Elle rappelle que pour les revenus fonciers, les travaux réalisés en 2017 auront un plein effet fiscal au titre de 2017. Ensuite, à ceux qui se sont abstenus d'alimenter leurs produits d'épargne retraite -notamment dans le PERP où les sommes placées sont déductibles du montant imposable dans la limite d'un plafond-, Bercy répond : « vous pouvez de nouveau épargner pour votre retraite comme vous le faisiez avant et les versements réalisés auront un effet fiscal au titre de 2017 ».

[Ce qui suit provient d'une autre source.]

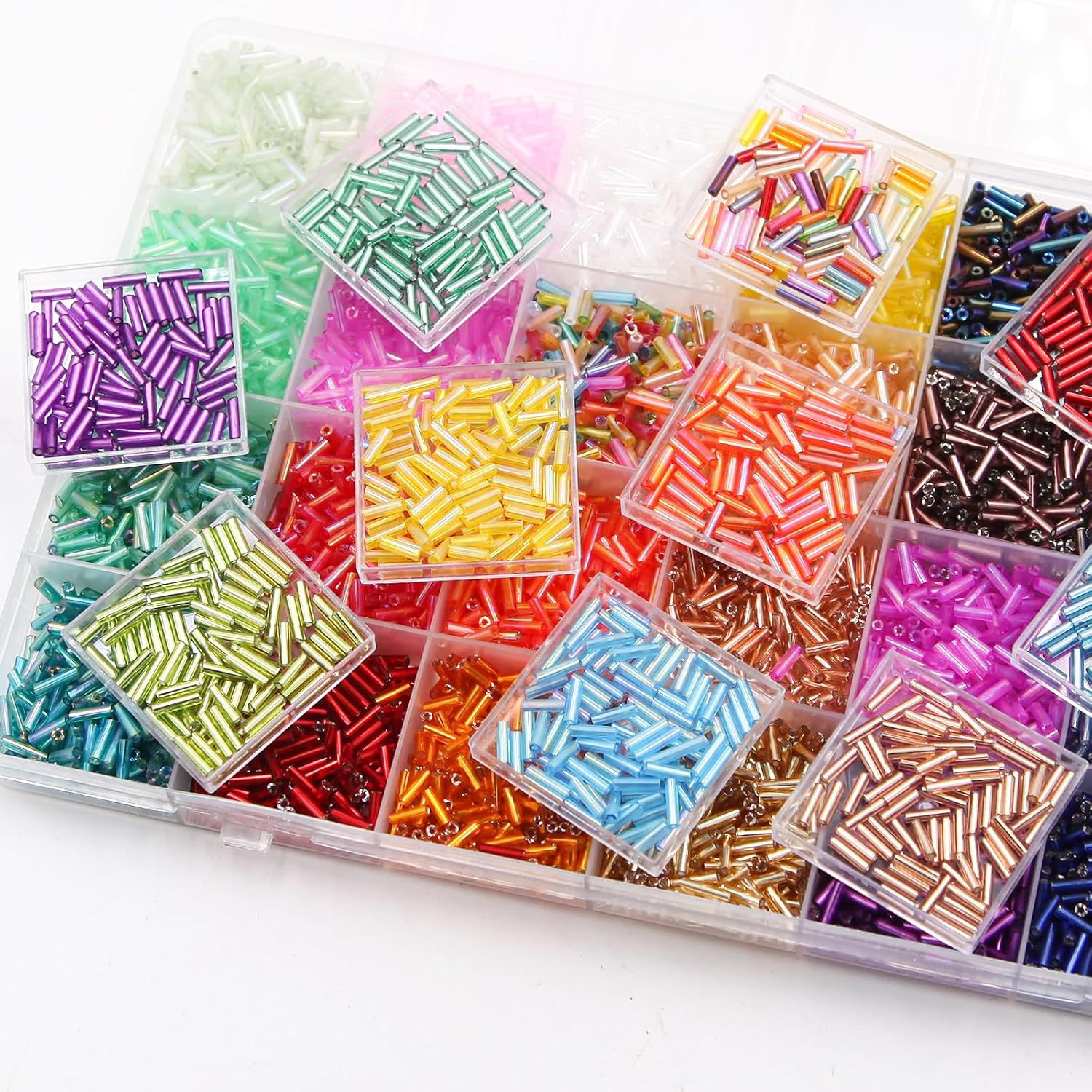 About 6720Pcs/Box 7mm 28 Color - Craft Embellishment Storage review and price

Ensuite si vous avez des réductions et crédits d’impôts au titre de 2017, ils seront restitués en toute logique en 2018. Le dispositif d’avance de 30 % sur le crédit d’impôt services à la personne prévue au premier trimestre 2018 étant lié à la mise en œuvre du prélèvement à la source, il sera donc également repoussé au premier trimestre 2019.
Dans l’attente de la validation par le conseil constitutionnel
Bercy précise que ce report d’un an au 1er janvier 2019 fera l’objet de mesures réglementaires. Qu’en est-il du risque juridique d'un report ?
Pour certains juristes, la question de la validité de ce report peut se poser dès lors que le Conseil constitutionnel reconnaît de manière constante, sauf motif d’intérêt général suffisant, une protection des « situations légalement acquises », mais aussi des « effets qui peuvent légitimement être attendus de telles situations » (Décision n° 2013-682 DC du 19 décembre 2013 ).
Certains contribuables préféreront attendre sans doute que le report du PAS soit validé par le Conseil constitutionnel.
Par ailleurs le texte prévoit que le Gouvernement remette au Parlement, au plus tard le 30 septembre 2017, un rapport exhaustif présentant les expérimentations sur le prélèvement à la source menées de juillet à septembre 2017, ainsi que leurs résultats.